*** MATERIAL TO PROCESS

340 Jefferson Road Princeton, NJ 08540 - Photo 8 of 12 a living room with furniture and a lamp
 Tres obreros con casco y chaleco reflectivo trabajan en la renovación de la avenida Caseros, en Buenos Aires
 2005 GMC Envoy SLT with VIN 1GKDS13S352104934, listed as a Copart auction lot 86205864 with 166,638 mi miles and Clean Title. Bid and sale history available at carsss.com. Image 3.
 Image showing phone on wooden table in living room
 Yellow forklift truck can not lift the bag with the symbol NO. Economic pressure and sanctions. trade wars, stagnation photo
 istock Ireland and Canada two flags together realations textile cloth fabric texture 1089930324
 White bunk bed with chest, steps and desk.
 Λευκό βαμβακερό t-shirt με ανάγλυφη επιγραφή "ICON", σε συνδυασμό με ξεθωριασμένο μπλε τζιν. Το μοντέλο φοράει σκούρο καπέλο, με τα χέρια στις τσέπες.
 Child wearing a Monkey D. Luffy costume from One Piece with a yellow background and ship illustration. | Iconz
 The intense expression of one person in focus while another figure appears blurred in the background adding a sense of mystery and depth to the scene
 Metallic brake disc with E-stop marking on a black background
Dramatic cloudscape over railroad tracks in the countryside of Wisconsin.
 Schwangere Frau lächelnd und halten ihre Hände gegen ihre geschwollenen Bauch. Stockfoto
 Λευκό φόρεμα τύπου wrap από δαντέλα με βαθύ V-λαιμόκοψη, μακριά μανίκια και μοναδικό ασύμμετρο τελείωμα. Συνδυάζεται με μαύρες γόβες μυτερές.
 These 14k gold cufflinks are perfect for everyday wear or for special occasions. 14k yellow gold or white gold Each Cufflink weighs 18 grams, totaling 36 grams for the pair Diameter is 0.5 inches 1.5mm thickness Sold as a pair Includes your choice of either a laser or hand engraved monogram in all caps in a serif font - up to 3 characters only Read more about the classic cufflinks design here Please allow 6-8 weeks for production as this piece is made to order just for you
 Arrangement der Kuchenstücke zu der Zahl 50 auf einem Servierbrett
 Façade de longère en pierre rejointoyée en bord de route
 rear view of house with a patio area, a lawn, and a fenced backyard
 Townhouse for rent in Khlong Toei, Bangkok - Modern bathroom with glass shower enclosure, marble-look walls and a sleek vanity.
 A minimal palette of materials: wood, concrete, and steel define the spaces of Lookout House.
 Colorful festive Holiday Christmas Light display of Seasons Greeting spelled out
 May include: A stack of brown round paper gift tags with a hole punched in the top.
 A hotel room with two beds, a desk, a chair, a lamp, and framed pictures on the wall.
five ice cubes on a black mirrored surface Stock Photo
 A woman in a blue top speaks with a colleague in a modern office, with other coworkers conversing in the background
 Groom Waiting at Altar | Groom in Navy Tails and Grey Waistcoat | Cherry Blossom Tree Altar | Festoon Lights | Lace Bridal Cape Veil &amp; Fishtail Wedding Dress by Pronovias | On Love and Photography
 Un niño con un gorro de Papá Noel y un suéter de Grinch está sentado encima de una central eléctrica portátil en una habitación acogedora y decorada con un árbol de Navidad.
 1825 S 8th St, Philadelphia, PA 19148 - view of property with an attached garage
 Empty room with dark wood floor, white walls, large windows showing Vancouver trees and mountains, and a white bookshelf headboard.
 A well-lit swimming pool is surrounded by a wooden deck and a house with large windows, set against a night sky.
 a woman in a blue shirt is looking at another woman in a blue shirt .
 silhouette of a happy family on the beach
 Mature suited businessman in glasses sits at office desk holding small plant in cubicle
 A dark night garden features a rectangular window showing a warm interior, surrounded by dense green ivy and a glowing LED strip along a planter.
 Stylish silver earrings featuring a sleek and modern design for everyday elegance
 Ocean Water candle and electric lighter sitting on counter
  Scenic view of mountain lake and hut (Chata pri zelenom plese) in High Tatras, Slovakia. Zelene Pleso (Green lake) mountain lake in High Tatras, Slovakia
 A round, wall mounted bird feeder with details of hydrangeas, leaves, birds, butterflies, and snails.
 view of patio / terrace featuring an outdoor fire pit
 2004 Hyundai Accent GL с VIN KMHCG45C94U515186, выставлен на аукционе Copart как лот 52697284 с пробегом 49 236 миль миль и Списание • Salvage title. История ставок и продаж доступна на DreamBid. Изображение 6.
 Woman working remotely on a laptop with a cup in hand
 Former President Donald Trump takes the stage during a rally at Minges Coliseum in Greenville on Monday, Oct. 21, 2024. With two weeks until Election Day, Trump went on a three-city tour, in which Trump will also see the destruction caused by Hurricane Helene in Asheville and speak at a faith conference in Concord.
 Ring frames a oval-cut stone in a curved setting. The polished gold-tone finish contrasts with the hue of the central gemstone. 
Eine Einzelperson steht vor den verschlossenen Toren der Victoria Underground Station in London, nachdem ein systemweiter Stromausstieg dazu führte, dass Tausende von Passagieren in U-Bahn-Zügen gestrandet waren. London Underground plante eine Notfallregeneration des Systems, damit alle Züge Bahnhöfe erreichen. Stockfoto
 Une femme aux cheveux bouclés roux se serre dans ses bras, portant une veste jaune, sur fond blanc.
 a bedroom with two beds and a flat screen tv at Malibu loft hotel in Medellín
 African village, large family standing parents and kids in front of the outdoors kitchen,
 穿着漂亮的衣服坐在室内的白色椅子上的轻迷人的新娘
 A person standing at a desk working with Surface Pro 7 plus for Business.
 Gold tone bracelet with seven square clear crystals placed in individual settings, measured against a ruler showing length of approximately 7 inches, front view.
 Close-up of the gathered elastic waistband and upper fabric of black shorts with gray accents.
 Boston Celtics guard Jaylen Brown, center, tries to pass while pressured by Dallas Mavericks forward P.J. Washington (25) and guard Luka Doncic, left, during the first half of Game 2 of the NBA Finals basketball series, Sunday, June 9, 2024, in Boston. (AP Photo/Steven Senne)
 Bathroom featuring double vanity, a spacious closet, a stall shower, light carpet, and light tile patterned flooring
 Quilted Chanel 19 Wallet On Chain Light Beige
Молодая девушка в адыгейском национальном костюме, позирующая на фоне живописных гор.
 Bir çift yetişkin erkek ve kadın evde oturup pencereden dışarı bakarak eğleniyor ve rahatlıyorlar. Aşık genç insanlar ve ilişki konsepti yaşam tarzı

******

**WORK TO BE COMPLETED**
Print nothing but the lines from the one containing "Boston Celtics guard" through the end of the listing above, exactly as written.

**YOUR RESPONSE**
 Boston Celtics guard Jaylen Brown, center, tries to pass while pressured by Dallas Mavericks forward P.J. Washington (25) and guard Luka Doncic, left, during the first half of Game 2 of the NBA Finals basketball series, Sunday, June 9, 2024, in Boston. (AP Photo/Steven Senne)
 Bathroom featuring double vanity, a spacious closet, a stall shower, light carpet, and light tile patterned flooring
 Quilted Chanel 19 Wallet On Chain Light Beige
Молодая девушка в адыгейском национальном костюме, позирующая на фоне живописных гор.
 Bir çift yetişkin erkek ve kadın evde oturup pencereden dışarı bakarak eğleniyor ve rahatlıyorlar. Aşık genç insanlar ve ilişki konsepti yaşam tarzı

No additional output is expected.